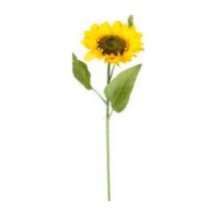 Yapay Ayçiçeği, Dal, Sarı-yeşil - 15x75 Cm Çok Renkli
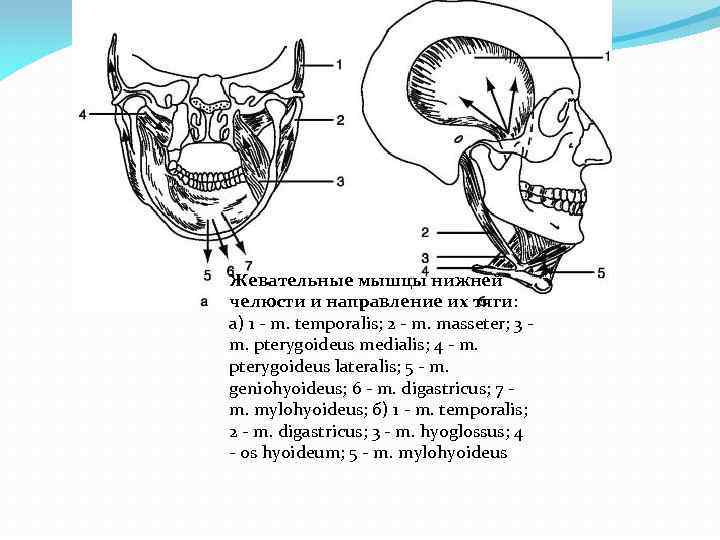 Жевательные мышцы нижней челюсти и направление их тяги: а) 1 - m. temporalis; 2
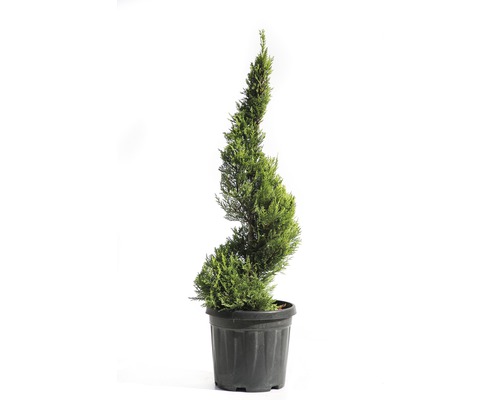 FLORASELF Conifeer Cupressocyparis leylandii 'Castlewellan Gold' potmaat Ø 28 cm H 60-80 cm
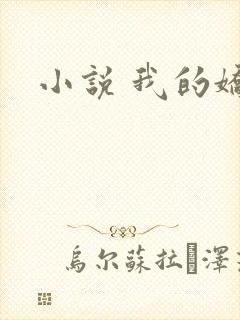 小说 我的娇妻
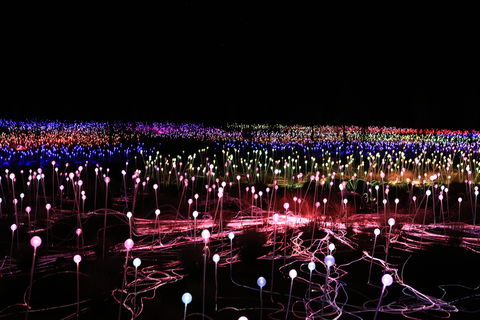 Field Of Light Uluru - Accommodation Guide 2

----------------------------------------

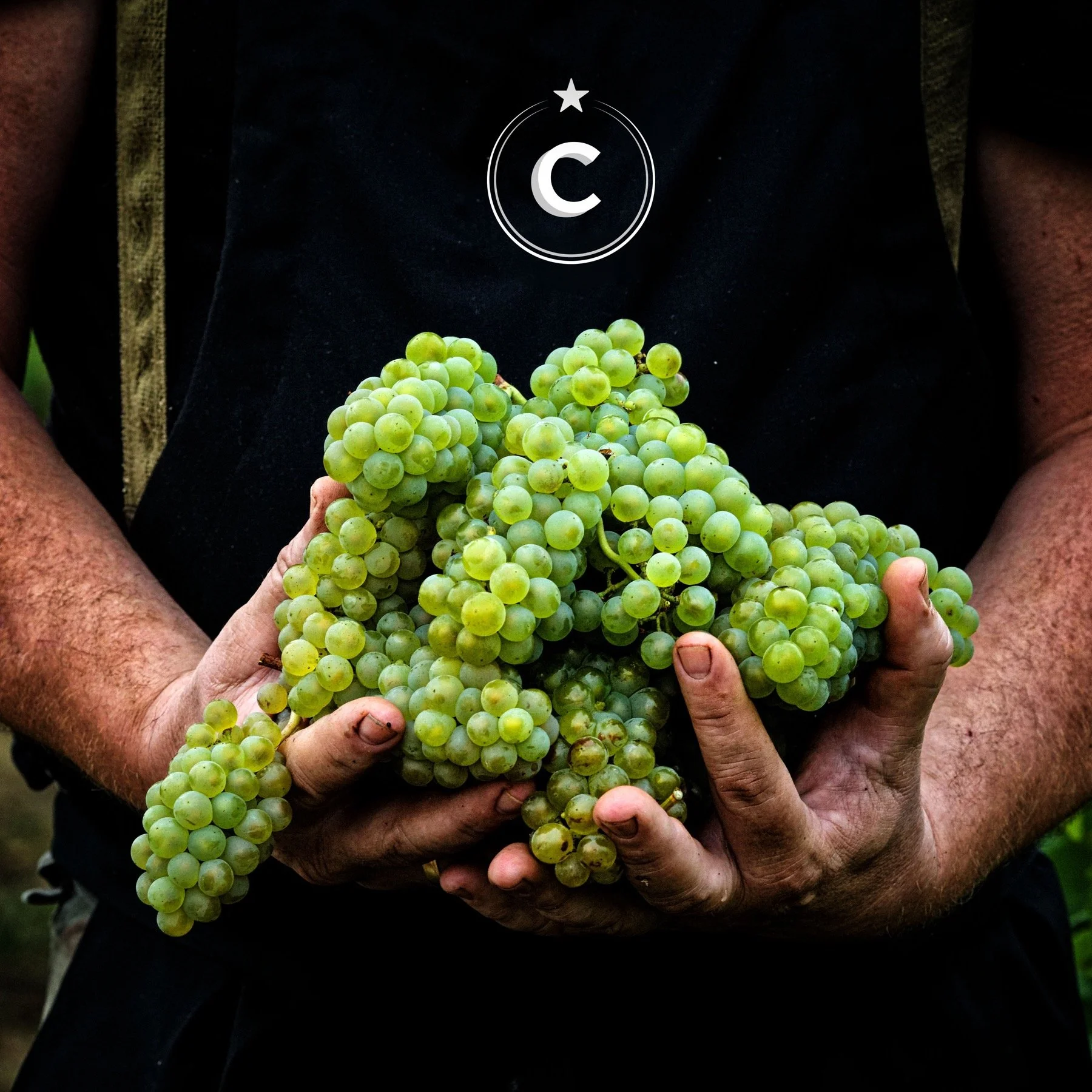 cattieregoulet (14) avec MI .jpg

----------------------------------------

● Instructions for the task: Copy out the lines above from the line containing "FLORASELF Conifeer Cupressocyparis" through the line containing "Field Of Light Uluru - Accommodation Guide 2", exactly, and keep the pictures out.

● Reply to the task:
 FLORASELF Conifeer Cupressocyparis leylandii 'Castlewellan Gold' potmaat Ø 28 cm H 60-80 cm
 小说 我的娇妻
 Field Of Light Uluru - Accommodation Guide 2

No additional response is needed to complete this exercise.